GROTON — “Lyme Disease in Massachusetts: A Public Health Crisis” is the title of the April 2011 report issued by the chairman of the House of Representatives, David Linsky, and Vice Chairman Benjamin Swan.

State Rep. Sheila Harrington is one of nine additional members of the Committee who came to this conclusion. “The occurrence of Lyme disease has reached near epidemic proportions in Massachusetts,” states Linsky in his cover letter for the report. To address this issue, the Committee has called for a state-chartered commission to convene, in order to bring medical experts, wildlife management, public health officials, and insect control together with patients and advocates to propose solutions to the treatment, prevention and education of Lyme disease. One of the key objectives is to create and approve legislation mandating insurance coverage for long-term antibiotic treatment for chronic Lyme, an issue that Lyme-disease victims have been fighting for years. Lyme disease has affected every city and town in the commonwealth, with hundreds of citizens affected by its debilitating symptoms. This bill has been attached as an outside amendment to the budget, which has already been approved by the House of Representatives. It still requires approval by the State Senate and the governor.

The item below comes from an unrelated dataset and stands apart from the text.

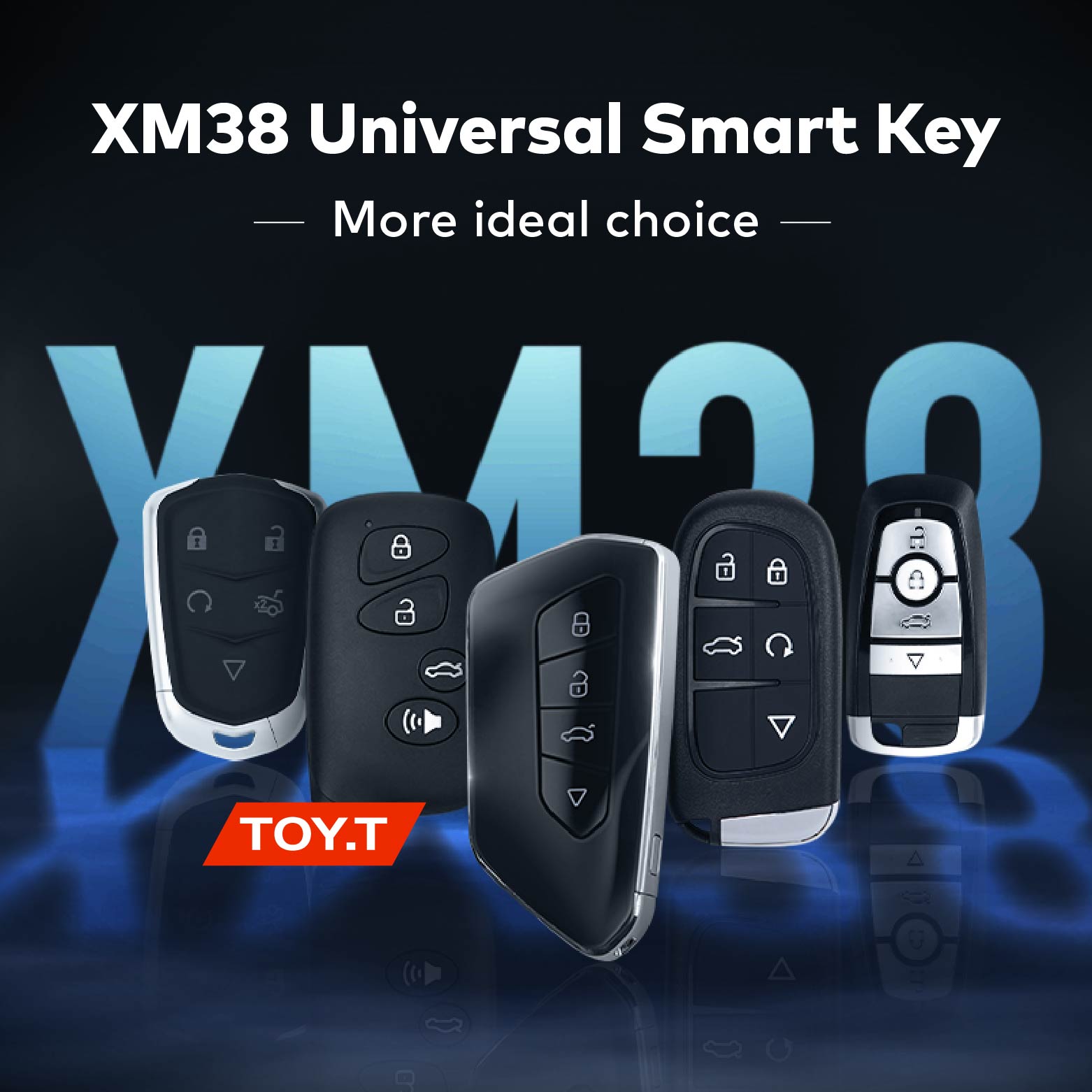 Xhorse XM38 Universal Smart Key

Gov. Deval Patrick has officially proclaimed the month of May as “Lyme Disease Awareness Month.” The Nashoba Valley Lyme Disease Task Force, co-founded by Groton residents Robin Lemieux, Donna Castle and Jayme Kulesz, has been working with advocates around the state, including retired State Rep. Robert Hargraves, who was instrumental at the Statehouse in getting the physician’s protection bill signed into law by Gov. Patrick, which allows physicians the ability to treat Lyme-disease patients with antibiotics for more than 30 days when deemed necessary. In conjunction with the Groton Board of Health, the Task Force has overseen the design of “Caution” signs for identifying deer tick habitats, which will be posted along trails, near sports fields and on school properties, advising residents of precautions to take.

With Lyme disease cases increasing ten-fold between 1997 and 2009, the response from local advocates and state officials is moving in the right direction. As residents are further educated and preventative measures are utilized, the cases of Lyme disease will hopefully decrease going forward.